Agil Abdullayev, an emerging conceptual video and installation artist, has distinguished himself as one of the most interesting artistic voices in Azerbaijan. Born and raised in Baku, Agil developed a painting practice as a hobby while he studied computer engineering at university. What began as a way to explore his thoughts and emotions developed into something much more serious, and in 2014 he decided to pursue a BA in Fine Art at Nottingham Trent University in the United Kingdom. It was during his time at university that he expanded his work to encompass new media, using social media, film, and installation to explore the complexities and contradictions of the western culture that he encountered in the UK, and his own identity within this different context. This direction of work at university resulted in a series of compelling long-term projects that culminated in video art pieces, including Rocking My Gucci (2017) which was featured in the New Contemporaries exhibition of emerging artists at the prestigious 2018 Liverpool Biennial (UK); the exhibition then traveled to the South London Gallery in December 2018. Also in 2018, Agil presented a solo exhibition at the ARTIM gallery in Baku entitled ‘Shy Boy of the Pink Future’ in November 2018, in which he displayed a variety of video works and multimedia installations exploring the effect of social media on Azerbaijani social life and contemporary identity. His work has been exhibited in Azerbaijan, the UK and online, and he has completed two online art residencies; he is currently a Yarat resident artist in Baku.

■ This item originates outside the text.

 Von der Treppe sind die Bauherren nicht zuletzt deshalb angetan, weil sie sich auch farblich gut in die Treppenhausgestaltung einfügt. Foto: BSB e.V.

Agil’s practice revolves around how eastern and Caucasian identity is influenced by social and cultural influences and how people are shaped by the things around them – both online and in the ‘real’ world. He often creates alter-egos and fictional characters in his work to represent the ideas and issues that he tackles. It takes him time to create his character studies – each one often requires a year of development for him to fully understand who they are and how they relate to his own conceptual thinking. All of his research and creativity results in various series of artworks that emerge through each character, including Rocking My Gucci (2017), a video work in which a young man created an online identity through which he developed a following based on what his audience wanted to see as opposed to presenting a true reflection of himself, highlighting the exhausting work of constantly performing an online life. Agil himself plays his characters in the artworks, further blurring the lines of identity and reality, artist and subject. These characters often appear in his videos through monologues, interviews, images and video clips, all piecing together facets of their life as metaphors for our own performed public identities. The most significant contribution of Agil’s work is his analysis of how social media breaks down the previous barriers of place, identity and capitalism. However, as he shows in his work, new barriers to wealth, access, and representation are constantly being renegotiated within the online community.
Astutely fluent in the iconography of the internet, Agil uses meme-friendly imagery to explore what virtual identity means to us and our conception of ourselves. His current practice examines how Azerbaijani society influences its own identity and how it manifests in both positive and negative ways. Above all, his art is optimistic – he presents moments of hope and humor in his work. In a video for his ARTIM exhibition, entitled Pink City (2018), he offered solutions to help people cope with the fear and insecurity resulting from an increasingly alienating global capitalist society. He asks us to envision and manifest a place where we can fully realize our happiness and our potential – potent ideas in a social media landscape that often serves to diminish and critique rather than to support and inspire.